___ Task data ___

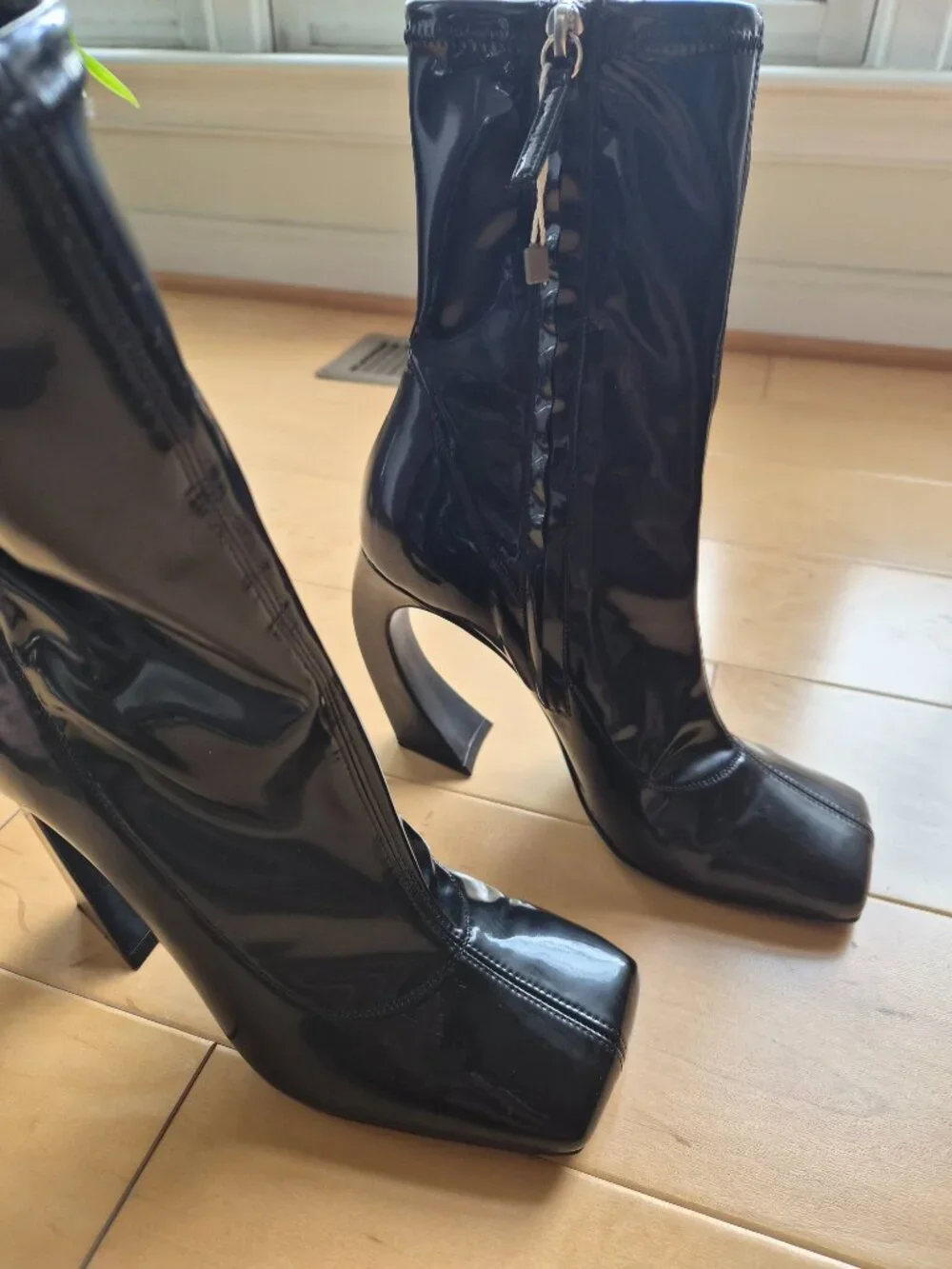 Guiseppe Zanotti Musa Black Vinyl Boots Sz 40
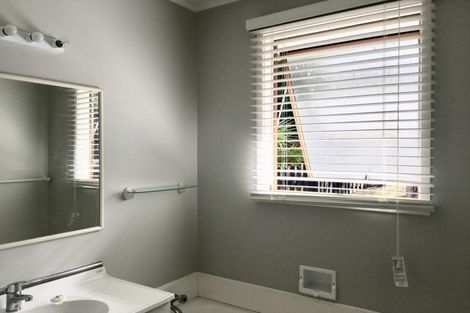 Photo of property in 13 Freya Place, Torbay, Auckland, 0630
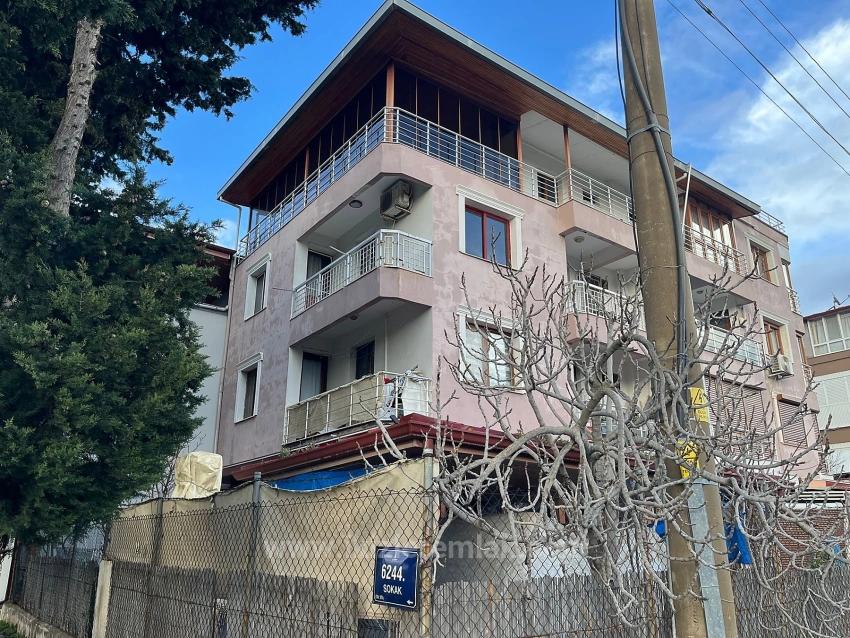 2+1 Mid-Floor Apartment For Sale In Seferihisar Ürkmez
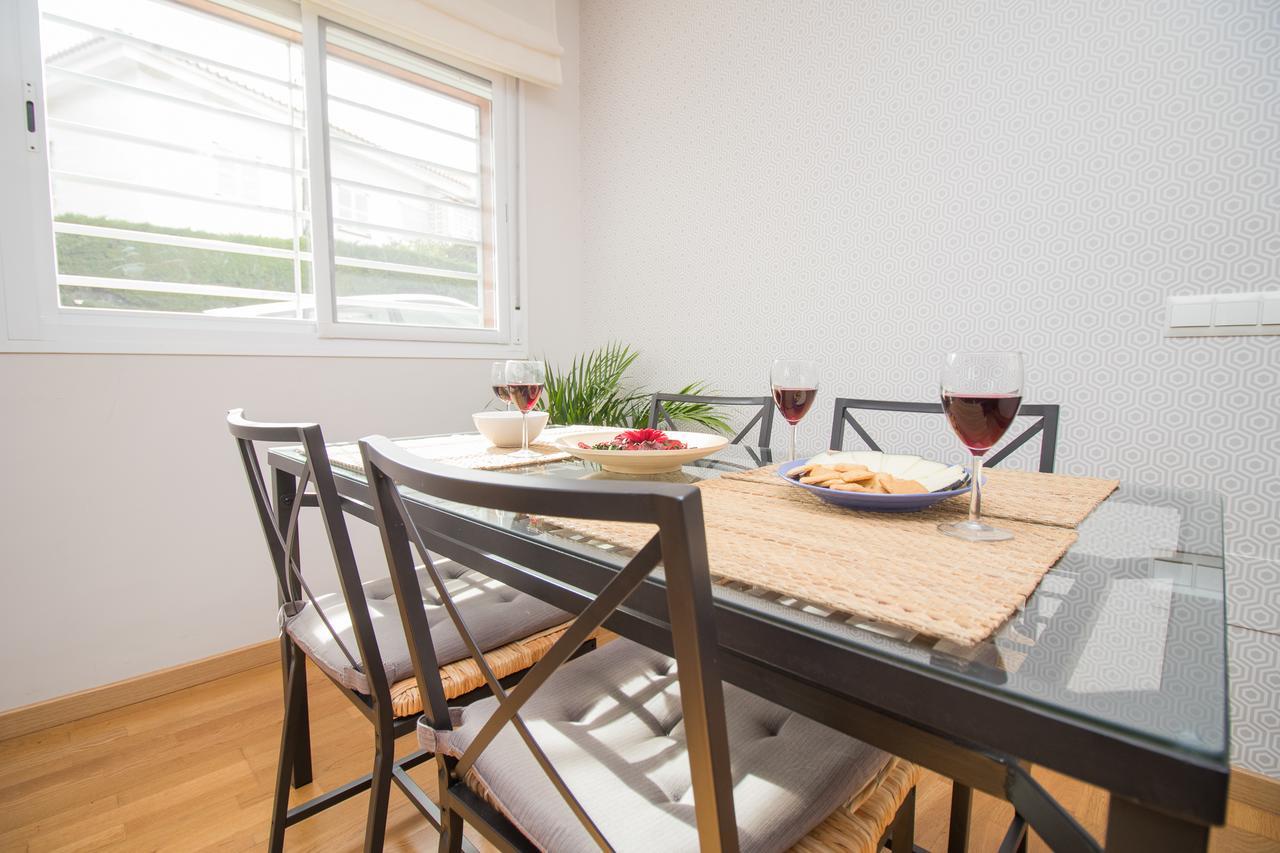 The Perfect Family Apartment Malaga Exterior photo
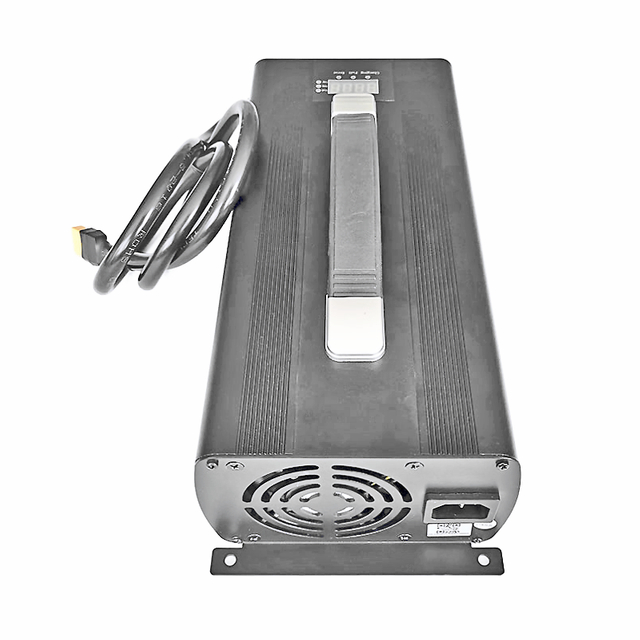 AC 220V 2200W Smart Charger 57.6V 58.4V 30a 35a 37a LiFePO4 Charger For 16S 48V 51.2V Electric Tricycles Electric Cars Battery Pack 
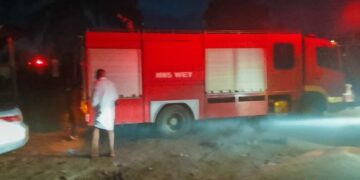 NIGERIAN NAVY CONTAINS FIRE OUTBREAK AT KIRIKIRI CORRECTIONAL SERVICE QUARTERS.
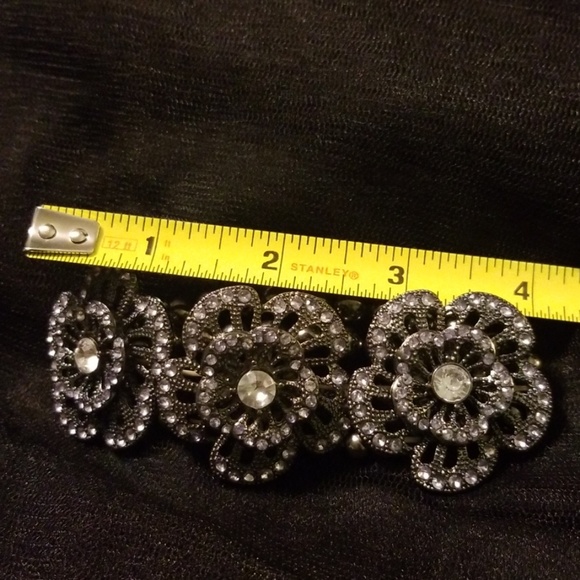 Stretch slip on Texture Flower Bracelet - Picture 5 of 6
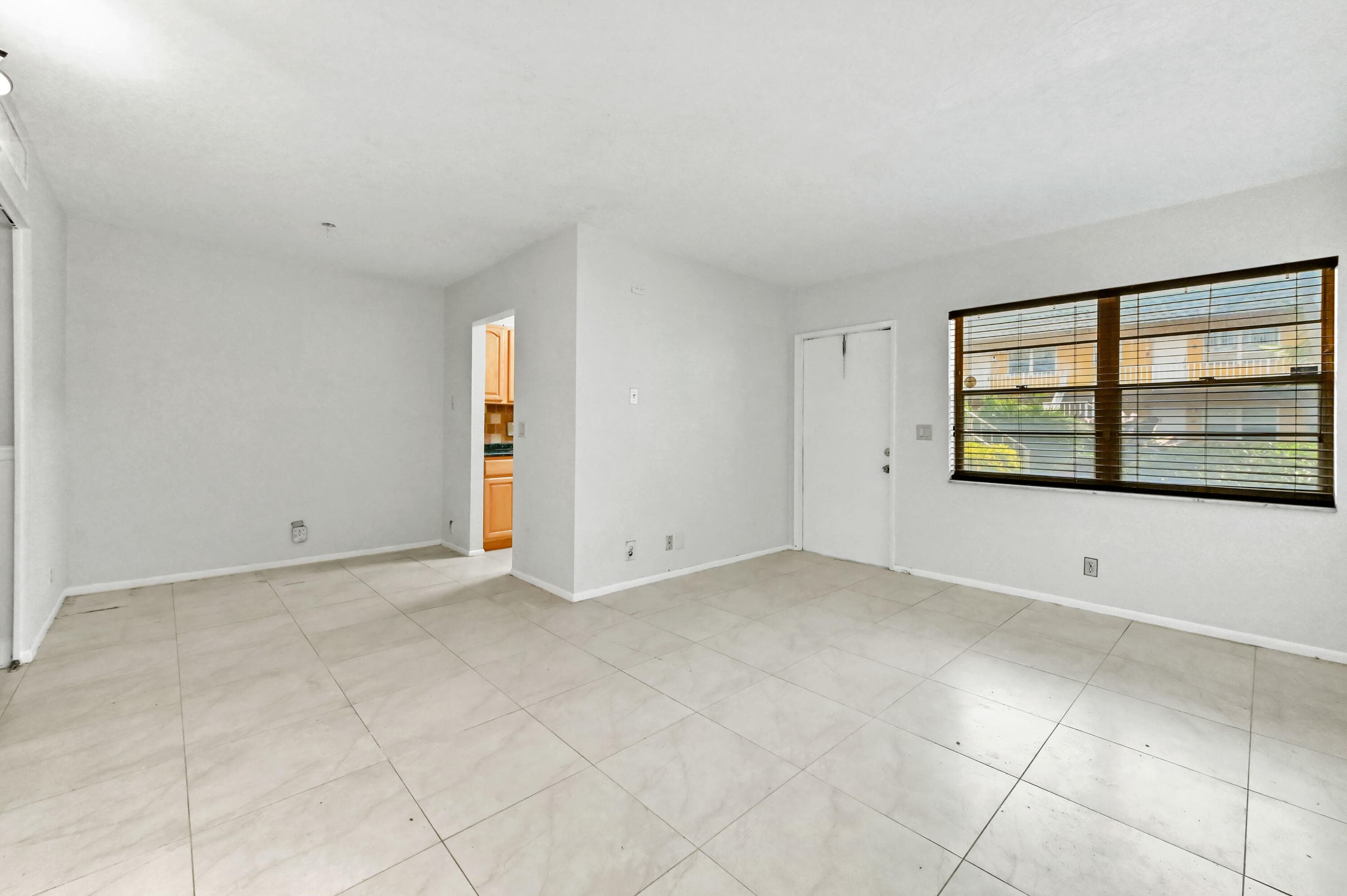 240 Croton Avenue 102, Lantana, FL 33462 4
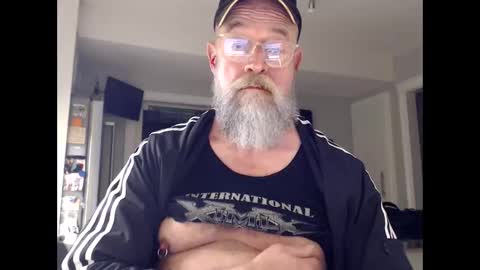 Snapshot of cxcdn chatting on 02-13-25, 05:05 cxcdn online show from 02-13-25, 05:05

___

> _Requirement_: A precise copy of each record, with the images removed, should be output.

> _Answer to this exercise_:
 Guiseppe Zanotti Musa Black Vinyl Boots Sz 40
 Photo of property in 13 Freya Place, Torbay, Auckland, 0630
 2+1 Mid-Floor Apartment For Sale In Seferihisar Ürkmez
 The Perfect Family Apartment Malaga Exterior photo
 AC 220V 2200W Smart Charger 57.6V 58.4V 30a 35a 37a LiFePO4 Charger For 16S 48V 51.2V Electric Tricycles Electric Cars Battery Pack 
 NIGERIAN NAVY CONTAINS FIRE OUTBREAK AT KIRIKIRI CORRECTIONAL SERVICE QUARTERS.
 Stretch slip on Texture Flower Bracelet - Picture 5 of 6
 240 Croton Avenue 102, Lantana, FL 33462 4
 Snapshot of cxcdn chatting on 02-13-25, 05:05 cxcdn online show from 02-13-25, 05:05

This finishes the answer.